\documentclass{article}

\usepackage{amsmath}
\usepackage{fullpage}
\usepackage{url}
\usepackage{xspace}
\newcommand{\R}{\texttt{R}\xspace}


\title{Two-sample $t$-tests}
\author{Patrick Breheny}
\date{October 20, 2016}

<<include=FALSE, purl=FALSE>>=
require(knitr)
opts_chunk$set(prompt = TRUE)
opts_chunk$set(comment = NA)
opts_template$set(fig = list(fig.height=5, fig.width=5, out.width='.5\\linewidth', fig.align='center'))
@

\begin{document}
\maketitle

Today's lab will focus on the two-sample $t$-test: how to carry it out in \R, and comparing the equal-variance and unequal-variance approaches in terms of power and validity (proper coverage and type I error rates).

\section{How well do $t$ intervals do when the data is not normally distributed: Part 2}

First, I just wanted to briefly revisit our simulation from last time looking at the coverage of the $t$-interval for data that does not follow a perfectly normal distribution.  Mainly, I wanted to plot coverage as a function of $n$, and also show how to present nonlinear axes in \R plots.

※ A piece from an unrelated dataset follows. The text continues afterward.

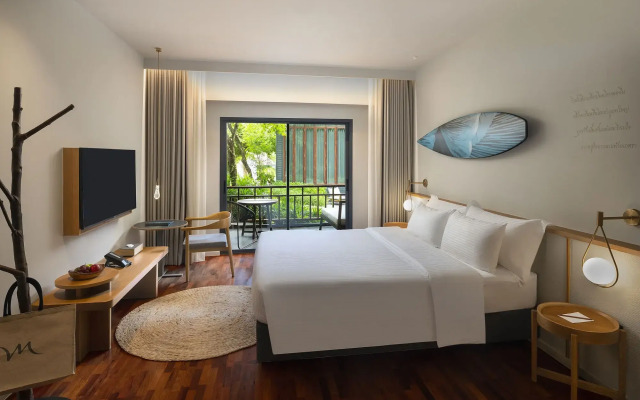 Mercure Rayong Lomtalay Villas & Resort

Let's carry out the simulation, but loop over several values of $n$:

<<NHANES_sim, results='hide'>>=
lipids <- read.delim("http://myweb.uiowa.edu/pbreheny/data/lipids.txt")
pop <- lipids$TRG
N <- 10000
n <- c(2, 3, 4, 5, 10, 20, 40, 80, 160, 320, 640)
covered <- matrix(NA, N, length(n), dimnames=list(1:N, n))
pb <- txtProgressBar(1, N, style=3)
for (i in 1:N) {
  for (j in 1:length(n)) {
    sam <- sample(pop, n[j], replace=TRUE)
    if (sd(sam)==0) {
      covered[i,j] <- 0
      next
    }
    covered[i,j] <- t.test(sam, mu=mean(pop))$p.value > 0.05
  }
  setTxtProgressBar(pb, i)
}
@

<<NHANES_sim___plot, opts.label="fig">>=
coverage <- apply(covered, 2, mean)
plot(n, coverage, type="l", ylim=c(0.85,1), las=1)
abline(h=0.95, col="red")
@

So as we saw last week, the $t$ intervals are pretty robust to non-normality.  Even with fairly skewed data, coverage is pretty good -- a little erratic for small sample sizes, but never too far below the nominal 95\% coverage.

One thing that's not ideal about this plot is that the ``interesting'' part of the graph (where coverage is changing) is squeezed into a very small part of the plot.  One way to show that part of the plot in greater detail, but still show what happens for large sample sizes, is to use a nonlinear axis.  There are a few different ways to set this up in \R, but the most flexible is to use the \verb|axis| function:

<<nonlinear_axis, opts.label="fig">>=
plot(log2(n), coverage, type="l", ylim=c(0.85,1), xaxt="n", xlab="n", las=1)
x <- seq(1, 9, 2)
axis(1, at=x, labels=2^x)
abline(h=0.95, col="red")
@

Personally, I like this plot a little better, as it allows you to see the exact sample sizes at which the interesting dip in coverage occurs.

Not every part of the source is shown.